Perhaps there is a lesson in that. If the author can run out of steam, think of what the reader can do. Take this book musical by musical and take a break in between each. Spending too much time with the volume can feel like drudgery. Rewarding drudgery to be sure but a slow plow nonetheless. There are many “I wish he’d explain such and such” moments, too many dead ends and no picture at all of the personalities behind the scores. Who are these people and why did they create these marvelous works? That, unfortunately, remains a subject for another book.
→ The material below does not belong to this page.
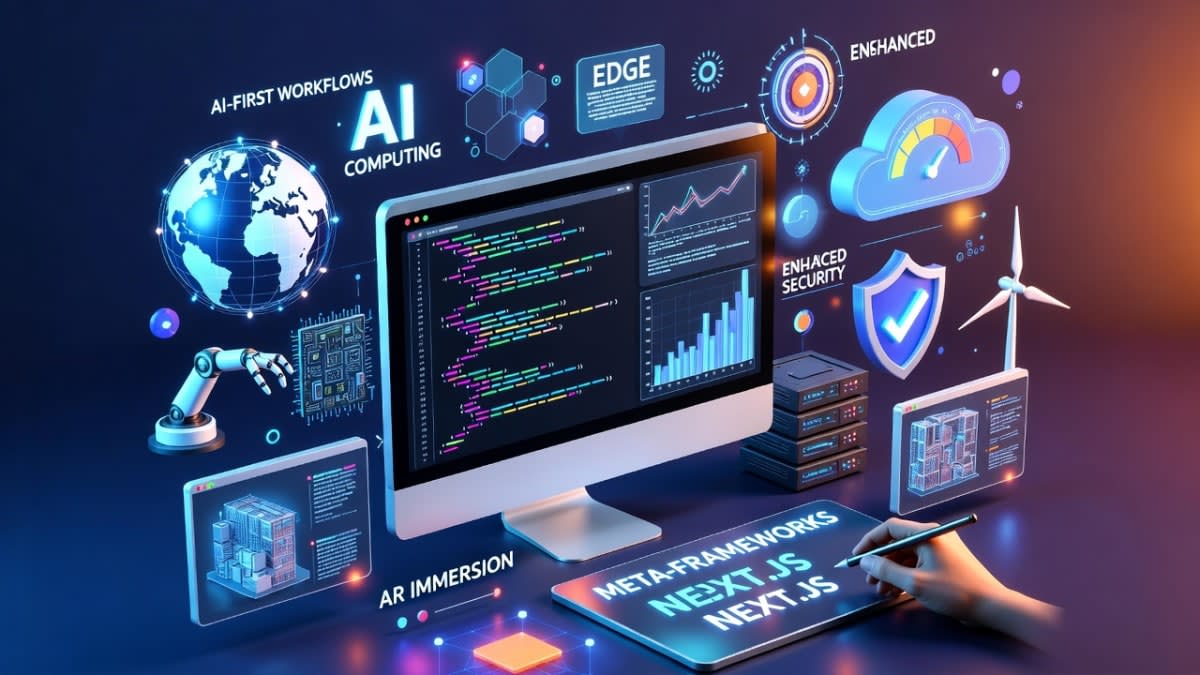 Web Development in 2026: Emerging Trends, Technologies, and Best Practices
I’m sorry my “advice’ came to late to save you from tackling this tome in a single gulp. If I were you, I’d put the book on the farthest reaches of your “Theatre Shelf” and pull it out only when you know you are slated to see another production of a Bock and Harnick show. It will be a valuable “read ahead” for you. (I certainly do hope your future will hold many chances to see Bock and Harnick musicals.) Now, if we could only get that “other book” so we could learn what we hoped we would learn from this one.
Brad Hathaway
Your advice to absorb this book chapter by chapter with a listen to each show both before and after its chapter was excellent, but unfortunately by the time I found your review I had doggedly slogged my way through the entire book. Instead of the expected glimpses behind the scenes that I’d anticipated, it made me feel as though I’d enrolled in a dry and scholarly course taught by a learned but lifeless professor. Although it purports to examine the work of both Mr. Bock and Mr. Harnick, its chief focus is on the music. Who, other than serious students of musical composition, would appreciate this book? Last fall I saw a production of “She Loves Me” at the Westport (CT) Country Playhouse, which was followed by a panel discussion at which all the creators of the show were present, and I learned more about Bock and Harnick during that hour than from reading this entire book; the Westport symposium was loaded with colorful anecdotes and gave me a strong impression of what goes into the building of a successful musical. It represented the creative process — the aspirations, the fun, the disappointments, and the satisfactions. And like a good musical show, it was great fun, which Mr. Lambert’s book, alas, is not.